Sinsid - In Victory - (2022)


 

                    Terje Singh Sidhu w 2012 roku założył zespół Sinsid, który początkowo miał być cover bandem. Po sześciu lat kapela wydała swój debiut zatytułowany „Mission from Hell”, następnie dwa lata pózniej wydali kolejny album pt. „Enter the Gates”. Sinsid to norweski zespół który gra klasyczny heavy metal. Sinsid inspiruje się wszystkim, od bluesa i rocka po viking, nawet thrash metal. Teraz w bieżącym roku powracają z najnowszym wydawnictwem pt. „In Victory”. Obok Terje Singh Sidhu jako wokalisty, występują w zespole: Sten Roger Knutsen jako gitarzysta prowadzący, Even Haavold jako gitarzysta rytmiczny, Grzegorz Urbański jako gitarzysta, oraz Trygve A. Tvedt jako perkusista.

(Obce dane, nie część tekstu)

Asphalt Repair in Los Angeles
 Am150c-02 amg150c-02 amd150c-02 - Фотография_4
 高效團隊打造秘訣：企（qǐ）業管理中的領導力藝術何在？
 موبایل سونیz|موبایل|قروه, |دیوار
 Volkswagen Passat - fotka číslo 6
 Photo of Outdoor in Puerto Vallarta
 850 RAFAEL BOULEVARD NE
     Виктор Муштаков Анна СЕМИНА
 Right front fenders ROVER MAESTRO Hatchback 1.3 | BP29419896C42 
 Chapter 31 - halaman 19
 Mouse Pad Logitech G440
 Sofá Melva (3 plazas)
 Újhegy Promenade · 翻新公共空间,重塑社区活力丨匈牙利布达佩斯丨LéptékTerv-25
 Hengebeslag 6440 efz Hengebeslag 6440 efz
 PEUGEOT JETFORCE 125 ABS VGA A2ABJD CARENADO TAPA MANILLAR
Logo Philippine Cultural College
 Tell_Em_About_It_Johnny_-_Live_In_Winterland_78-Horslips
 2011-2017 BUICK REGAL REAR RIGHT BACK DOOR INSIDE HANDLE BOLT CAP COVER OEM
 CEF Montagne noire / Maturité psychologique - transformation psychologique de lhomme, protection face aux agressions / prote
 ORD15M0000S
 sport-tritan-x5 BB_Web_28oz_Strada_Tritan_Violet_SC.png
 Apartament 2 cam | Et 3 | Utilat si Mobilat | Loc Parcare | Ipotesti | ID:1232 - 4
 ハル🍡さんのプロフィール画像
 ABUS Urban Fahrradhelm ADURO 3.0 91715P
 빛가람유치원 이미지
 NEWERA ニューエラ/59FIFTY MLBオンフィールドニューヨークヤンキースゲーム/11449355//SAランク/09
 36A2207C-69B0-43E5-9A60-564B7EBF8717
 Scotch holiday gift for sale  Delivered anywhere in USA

                    Zespół od samego początku zapowiada epicką przygodę. Instrumentalny „The Northern March” brzmi niezwykle filmowo, ze względu na grę pianina, a gdy dołączają bębny i gitary robi się niezwykle marszowy rytm. „Iron Heart” to mocno klasyczny kawałek, pełen heavy metalowo brzmienia. Refren jest łatwy do zapamiętania. „Metalheads” brzmi mocno hymnowo, i klimatycznie. W tym utworze pojawia się punkowe tempo, dzięki czemu ten kawałek nabiera szaleńczego tempa. W „Secret of the Beast” słyszymy inspirację Cirith Ungol. Warto zaznaczyć bardziej mroczną stronę utworu. Tytułowy utwór „In Victory” zawiera sporo solówek, i przede wszystkim dobrej jakości. W „No Fear” gitary zdecydowanie dodają mocy, oraz głębi utworowi. Imponująco brzmi następny utwór „Wrath of Destruction”. Ponure i nieco mroczniejsze tony muzyczne dodają mocy. W „Headless Grinder” zespół stawia na bardziej rockowe klimaty, które są pełne energii. Ostatni kawałek „Cult of Doom (Into the Fire)” uderza w Nową falę tradycyjnego heavy metalu, i klimatycznie zamyka album.


                    „In Victory” to mocny album, prawdziwy powrót do lepszych dni. Słychać w tym krążku dużo nostalgii. To dobre wydawnictwo o klasycznym brzmieniu.